Tax incentives like those included in the Inflation Reduction Act are a form of support that can also help renewable energy developers to get up and running faster and at a lower cost. This in turn can help consumers to make costly initial investments in retrofitting their homes, such as installing solar panels and heat pumps. Like any government investment in new industries, this will result in more people entering the renewables market, increasing the use of these technologies, creating jobs and growing the economy.

Trust the Market

Tax credits and other subsidies mean large expenditures of money. And that money must come from raising taxes, increasing the federal debt, or both. “Green energy subsidies will be financed with still more government debt,” says Jonathan Lesser, an adjunct fellow at the Manhattan Institute, a conservative think tank. “In another five years, the interest on debt could be the largest item in the government budget.”

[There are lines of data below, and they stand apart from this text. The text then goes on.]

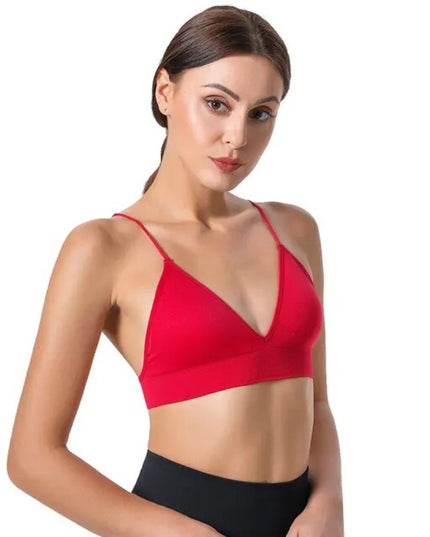 Sportowy biustonosz na cienkich ramiączkach z dekoltem w kształcie litery V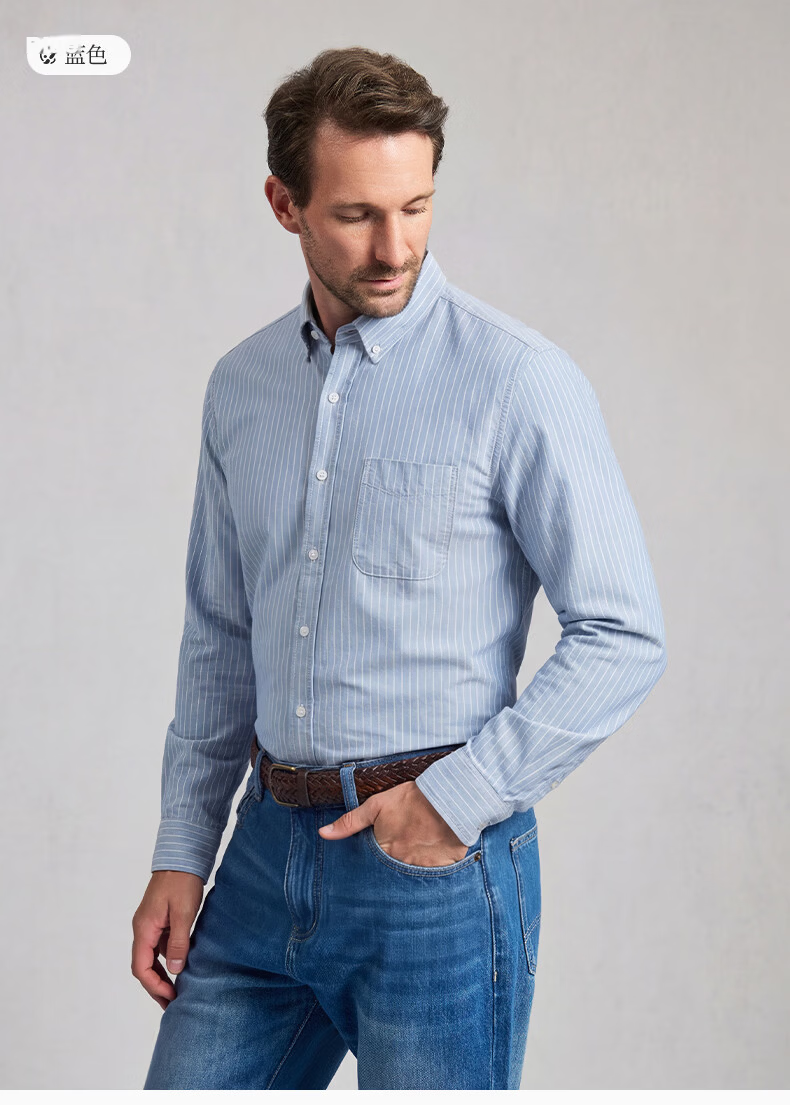 Texwood Deshiwo Apple Standard Shoulder Men's Long Sleeve Striped Casual Shirt Blue S 18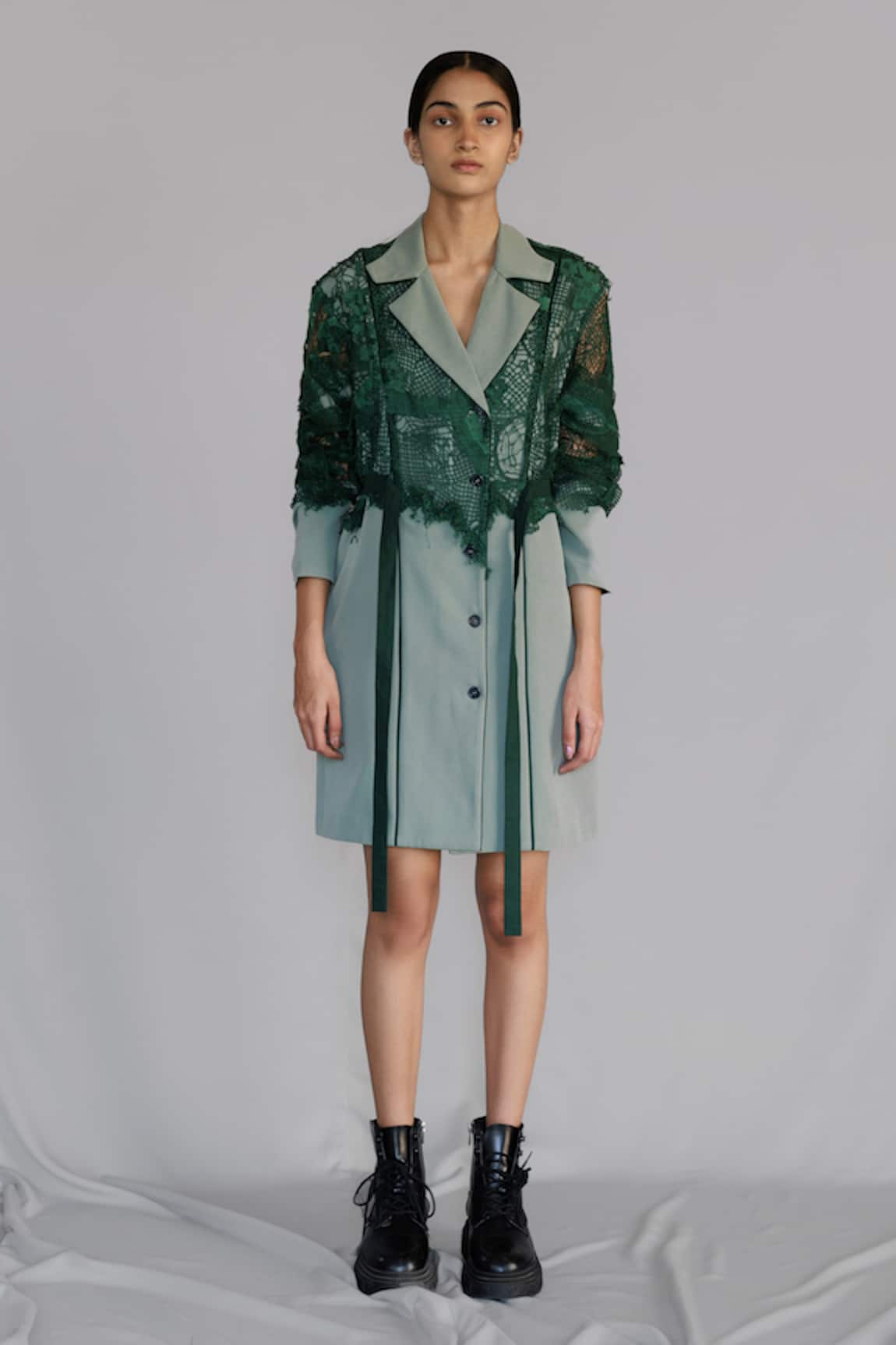 Anurag Gupta Green Map Embroidery Coat Dress 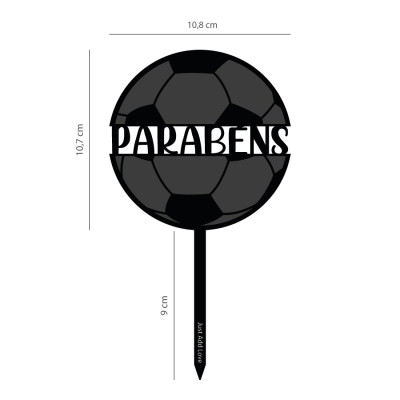 Topper Bolo Acrílico Parabéns Futebol
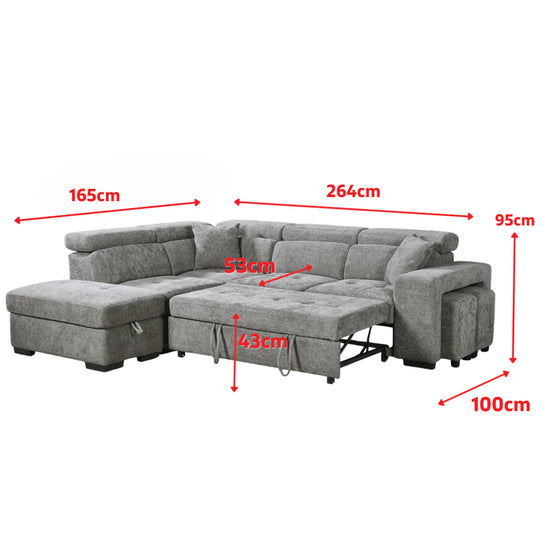 Faux Leather Suede Brown 1C2 Corner Sofabed with Storage and Ottomans STILE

Not only will subsidies hinder private investment in new energy sources, they won’t even make renewable energies more affordable. According to The Wall Street Journal editorial board, “the government-forced green energy transition” has driven up prices for wind and solar manufacturing parts by artificially increasing demand — and those costs will be passed on to consumers.

Instead, the U.S. should unleash the power of the free market to reward innovation. Eliminating dependence on government would incentivize clean energy technology leaders to compete for private capital and market share by coming up with better solutions at lower costs. “Two wrongs don’t make a right,” Lesser says, acknowledging the government’s historical support of oil and gas. “The idea that you can subsidize your way to economic growth is a fantasy.”

Another fantasy is the idea that we can reach net zero by replacing fossil fuels with wind and solar alone. Nuclear should be part of the mix, as it is in countries like France and Finland. Small modular nuclear plants could be a meaningful part of a diverse energy mix that helps us decarbonize the economy — especially if industry leaders are incentivized by the market to keep creating cleaner, safer forms of nuclear power.